Kimileri onu dar-milliyetçi duyarlıklarla, kimileri siyasal ve ideolojik nitelemelerle, kimileri de sadece bir Alevi inananı olarak onu değerlendirmeye çalışmakta. Bütünsel ve objektif bir bakış yerine, onu, çok defa kendi motivasyon ve yeğlemelerinin etkisinde kalarak onu, arzu ettiği bir yere koyup görmek istemekte. Özcesi herkes kendi Mahsuni’sini kurgulamakta, onu kendi gönlündeki yere oturtma çabasında. Ne ki birer birer bunlardan hiçbiri Mahsuni’yi tamı tamına olması gereken yere oturtmaya, onun tarihsel ve toplumsal yerini, sanat ve kavgasını belirlemeye yetmemektedir.

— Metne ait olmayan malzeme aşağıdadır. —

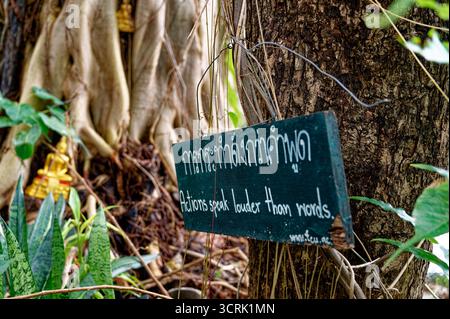 Le azioni delle scritture bhuddiste parlano più forte delle parole al tempio Wat Jetlin di Chiang mai in Thailandia Foto Stock
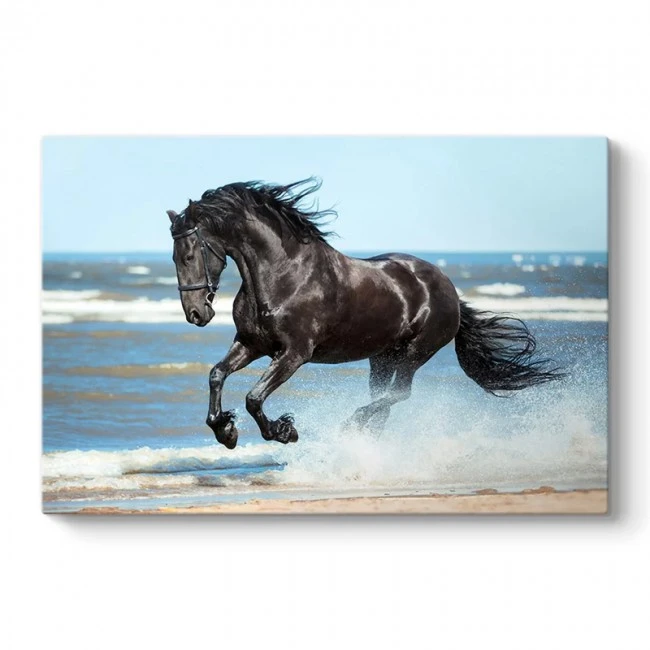 "Black Horse" Megapap painting on canvas digital printing 100x70x3cm.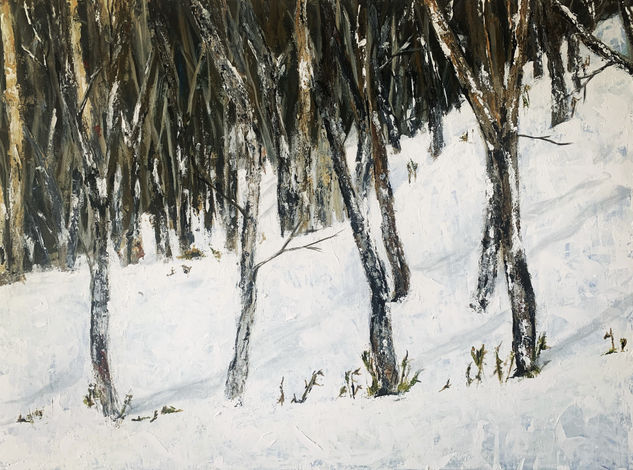 Invierno en cordillera Acrylic Canvas Landscaping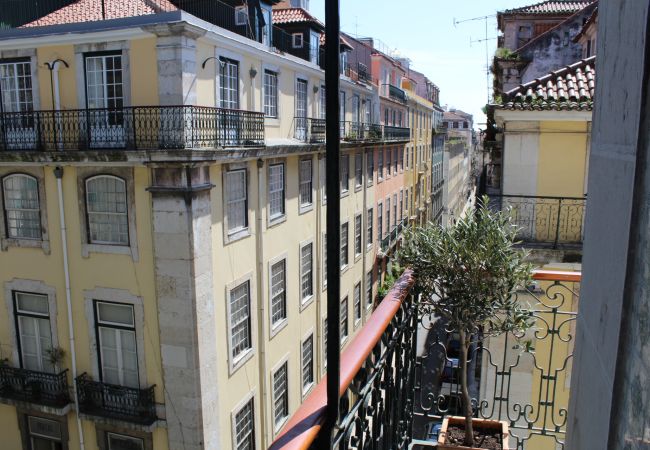Apartment in Lisboa - Central Colorful & Sunny Apartment in Baixa 107 Apartment in Lisboa - Central Colorful & Sunny Apartment in Baixa 107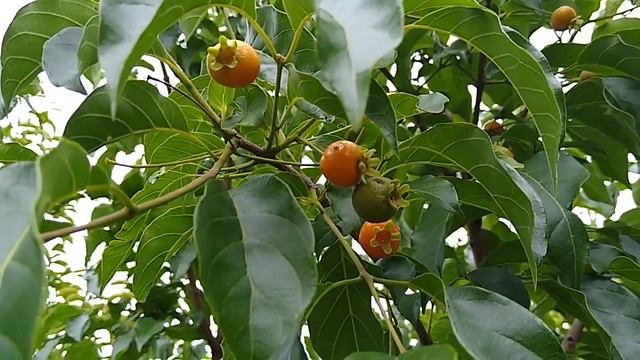 Guabira o guabiroba naranja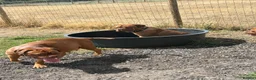 Dogue De Bordeaux dogs for sale: Beautiful Dogue-De-Bordauex Puppies For Sale - Advert 17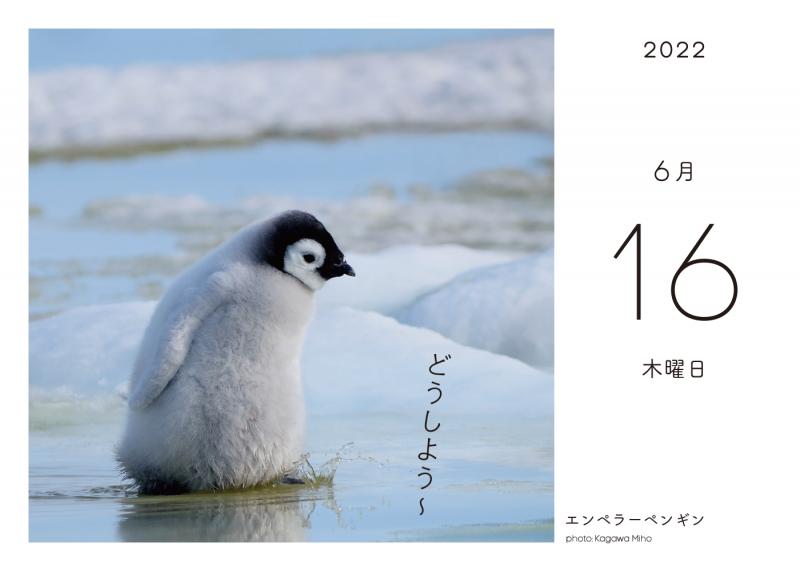 ふわもこ365日 いやしの動物日めくりカレンダー 22 Se編集部 吉永 勝啓 香川 美穂 酒巻 洋子 久保 隆史 翔泳社の本
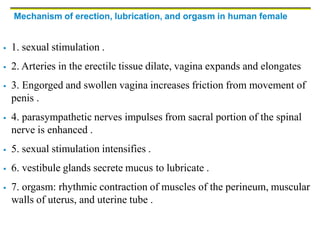 Mechanism of erection, lubrication, and orgasm in human female
 1. sexual stimulation .
 2. Arteries in the erectilc tissue dilate, vagina expands and elongates
 3. Engorged and swollen vagina increases friction from movement of
penis .
 4. parasympathetic nerves impulses from sacral portion of the spinal
nerve is enhanced .
 5. sexual stimulation intensifies .
 6. vestibule glands secrete mucus to lubricate .
 7. orgasm: rhythmic contraction of muscles of the perineum, muscular
walls of uterus, and uterine tube .
 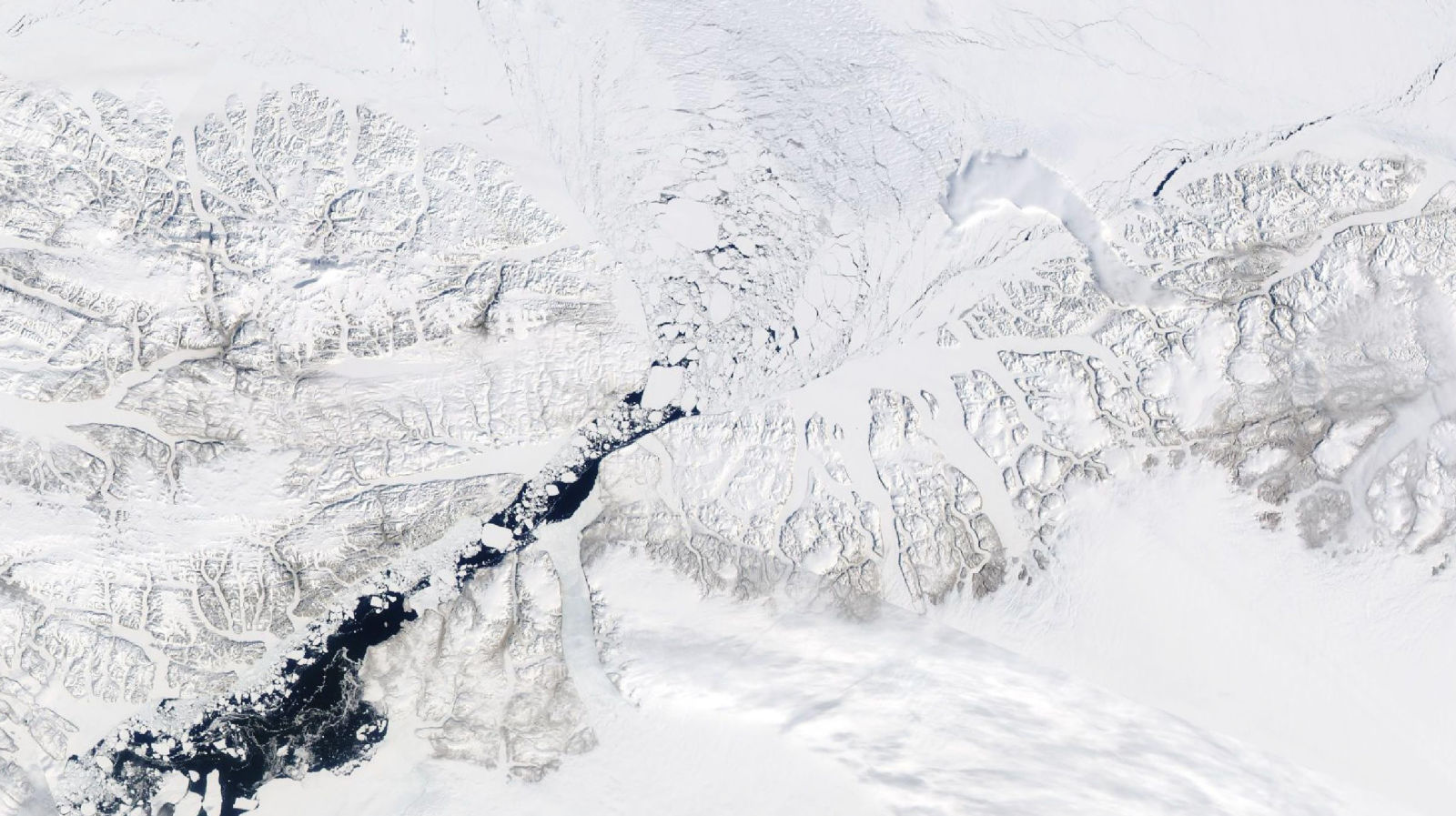 The gateway to the Arctic's oldest sea ice has collapsed months ahead of schedule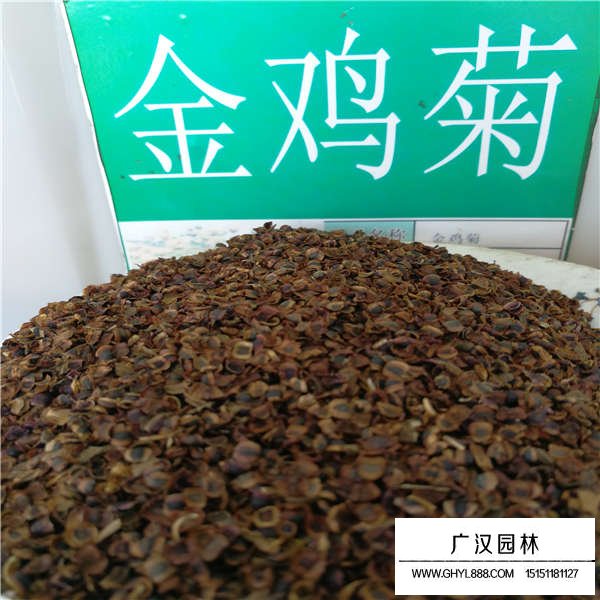 金雞菊種子(圖1)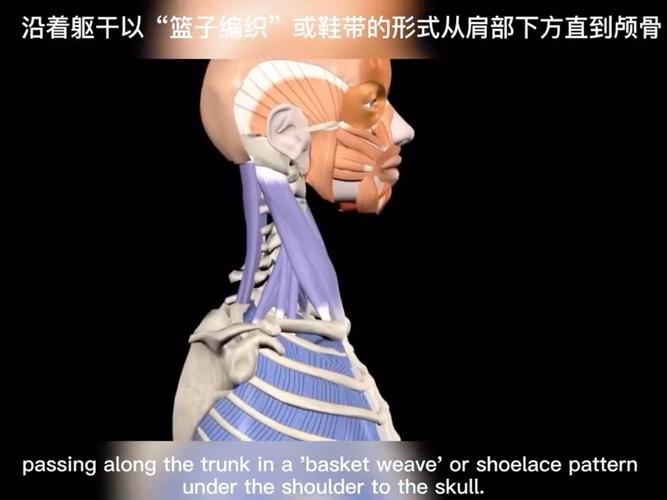 skull-1怎么用效果最好？高手分享实用小技巧！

Konunun çok iyi bir biçimde araştırılıp incelenmesi gerek. Bunun için de henüz zaman erken. Önemli olan herkesin, hepimizin ona sahip çıkması, onu yaşatmaya çalışması. Yoksa Alevi ozanlar geleneği nasıl sürer, aydınlanma, ilerleme ve çağdaşlık süreği nasıl yürür!
Ölümünün birinci yılında O’nu saygıyla anıyoruz.